A research team led by CSAIL at the MIT Computer Science and Artificial Intelligence Laboratory and QCRI at the Qatar Computing Research Institute developed a model that predicts high-resolution collision risk through deep learning. This model can identify areas with high risk of traffic accidents using past magnetic data, road maps, and satellite images, and create a risk map that predicts future accidents.
Despite the low frequency of traffic accidents, losses from traffic accidents account for 3% of global GDP and are the number one cause of death among children and adolescents. According to the research team, the rarity of traffic accidents makes it difficult to create high-resolution maps. If a traffic accident is assumed to occur with a precision of 5 × 5 m, the probability of an accident occurring within one year is 1 in 1,000, and it can be said that an accident rarely occurs in the same place.
The research team used not only accident records, but also GPS trajectory patterns indicating traffic density, speed, and direction, and satellite images indicating the number of lanes, roadside presence, many pedestrians, and road structure.

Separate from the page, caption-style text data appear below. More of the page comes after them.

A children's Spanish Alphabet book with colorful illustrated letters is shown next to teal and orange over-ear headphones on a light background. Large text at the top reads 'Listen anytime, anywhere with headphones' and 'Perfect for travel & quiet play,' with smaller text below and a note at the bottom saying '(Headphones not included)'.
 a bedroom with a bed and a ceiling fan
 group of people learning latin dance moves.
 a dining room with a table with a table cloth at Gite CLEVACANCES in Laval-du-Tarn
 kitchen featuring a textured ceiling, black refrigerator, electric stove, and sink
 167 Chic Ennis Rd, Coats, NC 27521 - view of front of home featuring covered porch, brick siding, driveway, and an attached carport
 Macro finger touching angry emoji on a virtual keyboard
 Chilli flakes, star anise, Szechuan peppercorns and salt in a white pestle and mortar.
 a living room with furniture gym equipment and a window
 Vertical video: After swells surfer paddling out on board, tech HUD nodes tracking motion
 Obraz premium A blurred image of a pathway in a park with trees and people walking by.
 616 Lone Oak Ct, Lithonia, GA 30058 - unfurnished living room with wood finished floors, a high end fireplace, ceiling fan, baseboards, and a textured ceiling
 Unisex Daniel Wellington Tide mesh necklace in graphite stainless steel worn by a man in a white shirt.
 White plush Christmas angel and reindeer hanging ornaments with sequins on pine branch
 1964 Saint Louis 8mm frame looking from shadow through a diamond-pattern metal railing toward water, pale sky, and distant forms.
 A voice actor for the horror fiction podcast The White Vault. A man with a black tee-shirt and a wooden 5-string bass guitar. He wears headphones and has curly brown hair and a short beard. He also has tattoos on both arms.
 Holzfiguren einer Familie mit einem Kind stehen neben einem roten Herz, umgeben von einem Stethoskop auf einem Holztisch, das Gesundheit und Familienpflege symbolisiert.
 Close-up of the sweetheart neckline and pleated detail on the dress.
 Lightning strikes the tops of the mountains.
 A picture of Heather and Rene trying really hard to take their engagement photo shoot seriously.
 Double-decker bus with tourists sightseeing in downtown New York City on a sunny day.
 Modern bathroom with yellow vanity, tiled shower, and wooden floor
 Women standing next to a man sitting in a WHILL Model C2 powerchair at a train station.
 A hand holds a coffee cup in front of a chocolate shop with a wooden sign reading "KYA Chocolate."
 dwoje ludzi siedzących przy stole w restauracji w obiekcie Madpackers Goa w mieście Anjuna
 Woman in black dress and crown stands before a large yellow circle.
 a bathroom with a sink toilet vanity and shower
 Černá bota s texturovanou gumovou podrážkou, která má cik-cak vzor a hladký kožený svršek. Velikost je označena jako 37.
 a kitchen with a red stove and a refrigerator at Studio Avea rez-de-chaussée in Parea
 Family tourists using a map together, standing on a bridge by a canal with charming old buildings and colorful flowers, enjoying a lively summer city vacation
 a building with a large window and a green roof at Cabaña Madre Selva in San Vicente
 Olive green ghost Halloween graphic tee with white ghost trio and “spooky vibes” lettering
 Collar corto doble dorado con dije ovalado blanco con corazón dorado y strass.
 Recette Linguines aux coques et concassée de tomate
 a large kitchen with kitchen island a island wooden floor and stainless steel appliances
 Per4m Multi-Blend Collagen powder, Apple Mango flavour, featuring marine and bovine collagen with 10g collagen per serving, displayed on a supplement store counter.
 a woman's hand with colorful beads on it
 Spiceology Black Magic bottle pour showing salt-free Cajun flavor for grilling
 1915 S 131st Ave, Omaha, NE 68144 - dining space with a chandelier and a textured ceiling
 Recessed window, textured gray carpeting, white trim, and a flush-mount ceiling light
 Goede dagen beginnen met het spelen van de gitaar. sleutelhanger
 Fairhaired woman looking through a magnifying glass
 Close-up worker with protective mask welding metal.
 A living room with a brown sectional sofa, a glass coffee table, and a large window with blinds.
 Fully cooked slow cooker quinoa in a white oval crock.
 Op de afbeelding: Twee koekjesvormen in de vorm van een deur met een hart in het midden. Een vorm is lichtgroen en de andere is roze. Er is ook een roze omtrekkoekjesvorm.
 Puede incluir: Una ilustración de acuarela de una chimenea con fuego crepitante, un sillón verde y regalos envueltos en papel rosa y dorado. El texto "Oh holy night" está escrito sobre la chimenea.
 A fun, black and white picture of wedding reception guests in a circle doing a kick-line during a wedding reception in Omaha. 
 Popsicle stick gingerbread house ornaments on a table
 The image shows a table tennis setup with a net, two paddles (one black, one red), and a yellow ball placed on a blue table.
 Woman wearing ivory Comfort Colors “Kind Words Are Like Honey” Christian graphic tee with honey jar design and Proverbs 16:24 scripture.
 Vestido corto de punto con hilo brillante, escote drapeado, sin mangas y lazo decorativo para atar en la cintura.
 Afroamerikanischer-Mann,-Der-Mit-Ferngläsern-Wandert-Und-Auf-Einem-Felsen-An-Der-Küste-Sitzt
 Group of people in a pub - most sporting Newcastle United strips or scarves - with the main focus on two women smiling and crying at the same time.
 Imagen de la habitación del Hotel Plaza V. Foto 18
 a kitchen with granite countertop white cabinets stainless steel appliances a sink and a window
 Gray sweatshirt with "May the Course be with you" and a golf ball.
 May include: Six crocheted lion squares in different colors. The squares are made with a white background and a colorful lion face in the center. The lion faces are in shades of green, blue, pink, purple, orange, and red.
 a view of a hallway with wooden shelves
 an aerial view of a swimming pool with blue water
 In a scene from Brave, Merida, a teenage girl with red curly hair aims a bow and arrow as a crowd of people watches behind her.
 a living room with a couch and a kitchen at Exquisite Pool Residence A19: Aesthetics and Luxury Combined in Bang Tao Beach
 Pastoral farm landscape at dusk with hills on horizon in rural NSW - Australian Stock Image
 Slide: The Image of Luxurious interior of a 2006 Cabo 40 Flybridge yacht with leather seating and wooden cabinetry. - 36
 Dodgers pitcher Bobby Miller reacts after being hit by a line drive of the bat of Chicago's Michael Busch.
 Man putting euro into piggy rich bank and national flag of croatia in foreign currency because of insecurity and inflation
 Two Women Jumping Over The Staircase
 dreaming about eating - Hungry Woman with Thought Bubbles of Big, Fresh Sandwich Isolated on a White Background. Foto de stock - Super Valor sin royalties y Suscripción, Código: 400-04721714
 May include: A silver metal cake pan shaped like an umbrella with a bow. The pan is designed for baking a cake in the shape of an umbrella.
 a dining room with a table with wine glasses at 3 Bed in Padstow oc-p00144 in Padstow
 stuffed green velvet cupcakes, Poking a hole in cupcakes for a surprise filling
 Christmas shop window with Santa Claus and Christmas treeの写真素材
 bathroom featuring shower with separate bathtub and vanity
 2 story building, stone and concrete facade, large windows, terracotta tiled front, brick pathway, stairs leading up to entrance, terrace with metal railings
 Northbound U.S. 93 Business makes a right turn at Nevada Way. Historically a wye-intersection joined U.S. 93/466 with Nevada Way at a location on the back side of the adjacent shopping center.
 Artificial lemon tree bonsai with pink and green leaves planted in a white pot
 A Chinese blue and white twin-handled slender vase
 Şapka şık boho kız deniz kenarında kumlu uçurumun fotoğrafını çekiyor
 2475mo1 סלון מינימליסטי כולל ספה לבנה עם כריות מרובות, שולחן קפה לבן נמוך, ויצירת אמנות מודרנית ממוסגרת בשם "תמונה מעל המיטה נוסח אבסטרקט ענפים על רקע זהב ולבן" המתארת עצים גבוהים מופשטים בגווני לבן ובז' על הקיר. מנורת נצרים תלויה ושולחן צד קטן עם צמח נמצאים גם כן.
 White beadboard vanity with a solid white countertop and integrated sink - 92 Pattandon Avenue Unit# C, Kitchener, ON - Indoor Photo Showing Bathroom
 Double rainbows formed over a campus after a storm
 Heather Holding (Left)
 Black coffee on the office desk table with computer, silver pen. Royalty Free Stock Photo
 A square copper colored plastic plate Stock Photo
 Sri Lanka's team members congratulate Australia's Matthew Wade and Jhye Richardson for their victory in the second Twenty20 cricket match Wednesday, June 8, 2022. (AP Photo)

A risk map was created showing the probability of an accident occurring. According to the research team, even in places where there have been no accident records so far, there are areas that have been judged to be at high risk based only on traffic patterns and topography.
The research team pointed out that although attempts have been made to predict the risk of traffic accidents and repeat the map until now, details were blurred and important parts were not seen because the predictions were made with low accuracy of several hundred meters. In contrast, the risk map announced by the research team is in units of 5 × 5 m, and the point is that it has a much higher resolution than before.
To evaluate this AI model and risk map, the scientists tested its 2019 and 2020 crash prediction performance using data from 2017 and 2018. As a result, it was found that the input data actually occurred in a place where the risk of an accident was recognized as high in an area where no accidents were recorded.
The research team said that this model can predict a collision map in an unknown area by combining several clues from the data. is revealing In addition, if the danger map is used to mark a potentially high-risk road, it can reduce the risk of going out in advance. said to inform Related information can be found here.